For this album, he does bring both the music and aesthetic into the current…. perhaps too much so for some. This is a very personal album, one that tackles two heavy issues that hit close to home: addiction and mass containment. The album’s title is named for his late older brother, who died of a heroin overdose years ago; the second issue is, to some extent, intertwined with the first, as the effects of the cycle of addiction, from the standpoint of the supplier, user, and government all have worked to manifest themselves into mass incarceration of people of color.
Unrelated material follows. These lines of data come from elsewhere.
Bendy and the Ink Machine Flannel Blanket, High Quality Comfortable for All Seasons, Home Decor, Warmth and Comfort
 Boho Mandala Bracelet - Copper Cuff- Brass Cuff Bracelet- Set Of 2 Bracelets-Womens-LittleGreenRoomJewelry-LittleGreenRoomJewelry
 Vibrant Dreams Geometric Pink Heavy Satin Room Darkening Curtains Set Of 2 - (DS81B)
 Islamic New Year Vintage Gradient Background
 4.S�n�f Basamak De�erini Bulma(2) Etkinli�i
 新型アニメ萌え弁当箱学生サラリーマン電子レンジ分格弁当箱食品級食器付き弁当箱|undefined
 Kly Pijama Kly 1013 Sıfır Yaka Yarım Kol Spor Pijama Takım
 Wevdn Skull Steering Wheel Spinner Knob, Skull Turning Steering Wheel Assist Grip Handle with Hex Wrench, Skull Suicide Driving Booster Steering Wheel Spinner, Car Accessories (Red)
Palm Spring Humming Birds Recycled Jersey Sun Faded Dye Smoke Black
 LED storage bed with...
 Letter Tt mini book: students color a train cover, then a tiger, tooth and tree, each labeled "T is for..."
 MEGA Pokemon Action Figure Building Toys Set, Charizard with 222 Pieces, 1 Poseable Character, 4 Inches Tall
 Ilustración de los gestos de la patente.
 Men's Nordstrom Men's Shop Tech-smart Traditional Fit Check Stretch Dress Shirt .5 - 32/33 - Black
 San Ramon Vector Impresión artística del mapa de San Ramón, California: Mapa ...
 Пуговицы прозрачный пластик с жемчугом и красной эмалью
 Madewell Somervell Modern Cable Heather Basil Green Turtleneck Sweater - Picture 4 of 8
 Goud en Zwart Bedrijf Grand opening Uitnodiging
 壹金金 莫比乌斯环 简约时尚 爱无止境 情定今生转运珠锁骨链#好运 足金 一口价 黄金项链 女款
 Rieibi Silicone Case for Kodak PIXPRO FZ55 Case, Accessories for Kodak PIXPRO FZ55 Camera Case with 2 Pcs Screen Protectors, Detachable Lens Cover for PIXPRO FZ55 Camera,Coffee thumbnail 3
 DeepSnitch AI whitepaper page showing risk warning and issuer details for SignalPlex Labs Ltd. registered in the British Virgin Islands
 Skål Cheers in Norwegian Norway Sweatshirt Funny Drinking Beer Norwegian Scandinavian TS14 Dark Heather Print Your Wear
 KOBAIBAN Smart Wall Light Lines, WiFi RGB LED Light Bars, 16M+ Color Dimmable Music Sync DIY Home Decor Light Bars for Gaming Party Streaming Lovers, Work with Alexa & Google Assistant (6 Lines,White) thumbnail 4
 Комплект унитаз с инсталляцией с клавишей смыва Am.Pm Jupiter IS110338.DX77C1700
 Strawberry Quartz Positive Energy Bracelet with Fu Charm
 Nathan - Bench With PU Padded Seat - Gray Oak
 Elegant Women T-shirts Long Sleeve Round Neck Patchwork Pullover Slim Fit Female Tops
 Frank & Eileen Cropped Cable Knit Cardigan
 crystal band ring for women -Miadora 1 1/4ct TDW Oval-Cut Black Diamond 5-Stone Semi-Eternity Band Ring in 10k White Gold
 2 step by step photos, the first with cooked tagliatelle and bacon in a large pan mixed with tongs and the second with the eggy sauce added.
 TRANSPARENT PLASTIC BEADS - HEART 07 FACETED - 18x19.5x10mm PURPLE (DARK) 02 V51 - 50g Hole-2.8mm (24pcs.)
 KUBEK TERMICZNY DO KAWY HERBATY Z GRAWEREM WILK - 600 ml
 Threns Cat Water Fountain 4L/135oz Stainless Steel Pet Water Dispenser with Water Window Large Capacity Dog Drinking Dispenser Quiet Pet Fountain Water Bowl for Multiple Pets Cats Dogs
The song content seems to follow this cycle, too, as the first couple of tracks (“Sinners Prayer” and “So Ready“) seem to speak from the viewpoint of the supplier, while the next several tracks speak from the standpoint of the addict. Of these, “Something Keeps Calling” which features Rob Bacon, is the most accessible, and easily the best track on the album. The last section receives a bridge from “Belongs to God“, which features Rev. E Baker, and is a straight-up Gospel quartet tune that leads into the dual tracks “Rikers Island” and “Rikers Island Redux“, the former featuring the lament from Raphael that “too many niggas in Rikers Island “… and the latter featuring a spoken word from Daniel Watts about mass incarceration. Lastly, “Rearview” features verses from Kendrick Lamar, and takes a retrospective look at the addict’s life, and questions “How can I change the world, when I can’t change myself?“.

This album is sequenced in a manner where the tracks abruptly stop and move into the next; this is how Blood Orange programs his albums, and it was also heavily used on Solange’s last album; I’m not a big fan of this format, but at least most of the tracks are fully realized before they cut off. Still, the album flies through its’ 13 tracks in just 39 minutes, and is more an album for thinking and absorbing, than for singing and dancing to its’ tracks. I think that’s what I was looking for, which is why I had to give this project multiple listens to get it; some may be put off by the content, sequencing, etc. during the first listen. Overall, It’s OK, now that I’ve got it; some just won’t get it… Here’s the video for “Something Keeps Calling“…

Snoh Aalegra

-ugh… those feels again

The globalization of R&B continues to expand into other parts of the world; in Sweden, there seems to be a small, but vibrant scene. From this scene comes 31 year old singer Snoh Aalegra, born and raised in Sweden to Iranian parents. In the musical food chain, she is in the middle, between an artist like fellow Swede Seinabo Sey, a singer I’ve written about before, and is worth a listen (she’s a Swedish/Gambian mix), and who would be slotted below Snoh, and on the other side would be the artist I think is her obvious target, Alicia Keys. This album is the followup to, and continuation of, her 2017 debut Feels.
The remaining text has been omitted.